The officers directly involved in the beating were fired on Jan. 20.

Violent body camera footage of the incident was released to the public on Jan. 27.

His mother, RowVaughn Wells, was in attendance at the hearing and said she would attend each court date until “we get justice for my son,” according to BBC.

Lawyers are gathering evidence for the case, and according to the judge assigned to the case, it likely won’t be concluded any time soon.

What happens next in Memphis after Tyre Nichols’ death?

Nichols’ death has sparked more cries from activists to end police brutality and address police violence, with calls coming from the Rev. Al Sharpton to Vice President Kamala Harris, both of whom attended his funeral service.

Memphis is considering legislation similar to the “Driving Equality” law in Philadelphia, which reclassifies “seven low-level offenses as ‘secondary,’ meaning they can’t serve as the sole reason a police officer pulls over a motorist, The Philadelphia Inquirer reported.

The offenses include driving with one headlight out and having a vehicle registration that is less than 60 days expired.

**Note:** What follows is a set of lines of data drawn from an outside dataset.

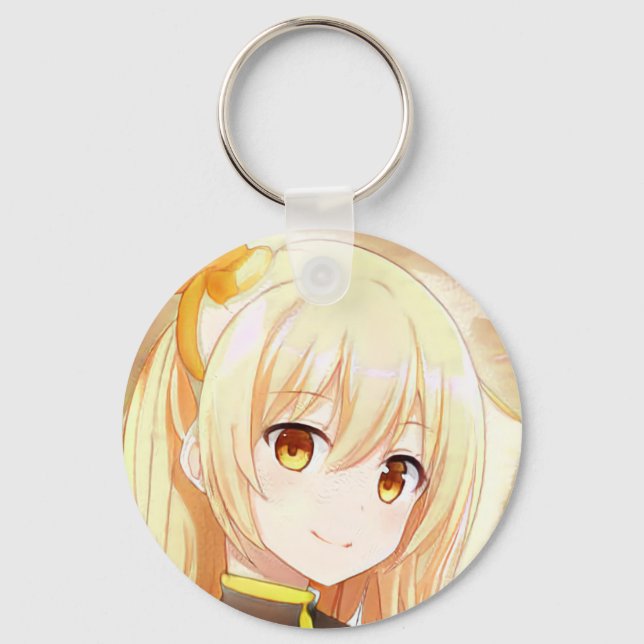 Llavero Chica rubio sonriente con ojos ámbar anime manga (Anverso)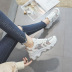 Mesh gray flat-bottomed running shoes NSNL43551
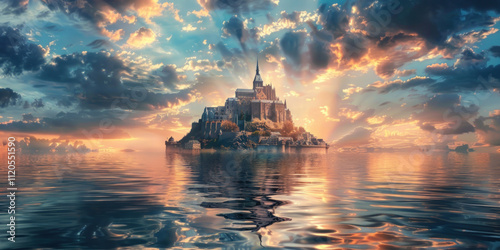 A fantasy-style island castle floating above the ocean, with mystical lights photo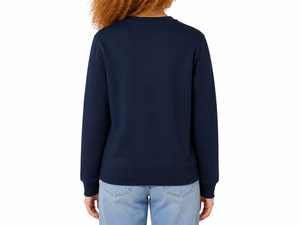 Sweat-shirt à col rond bleu marine pour femme, manches longues, couleur unie, tricot en coton, coupe classique, vêtements d'automne - Product Image 2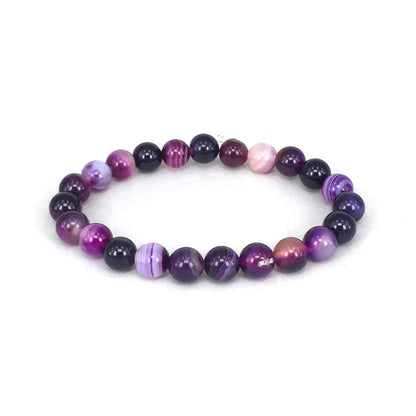 Violet agate ethnic style bracelet with round beads
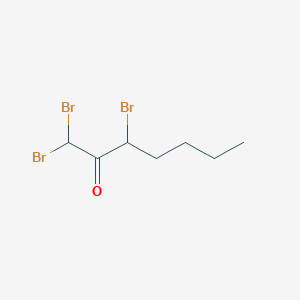 molecular formula C7H11Br3O B14633360 1,1,3-Tribromoheptan-2-one CAS No. 54899-95-5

“We want to decrease the possibility of negative interactions,” Memphis city council member Michalyn Easter-Thomas said, per The Philadelphia Inquirer.

The council voted unanimously in favor of the bill and it will go through two more rounds before it could be passed.

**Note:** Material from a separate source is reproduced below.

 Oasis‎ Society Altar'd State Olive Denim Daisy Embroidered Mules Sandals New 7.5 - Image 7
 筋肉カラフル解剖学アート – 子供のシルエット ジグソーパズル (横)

Canopy in Memphis park dedicated to Tyre Nichols

A canopy in Tom Lee Park in Memphis was dedicated to Nichols, and his family attended the ceremony on Friday, ABC24 reported. The canopy will now be called “Sunset Canopy” in honor of Nichols’ passion for watching and taking photos and videos of sunsets.

Wells says Nichols was likely on his way home from skateboarding and watching the sunset when the traffic stop occurred.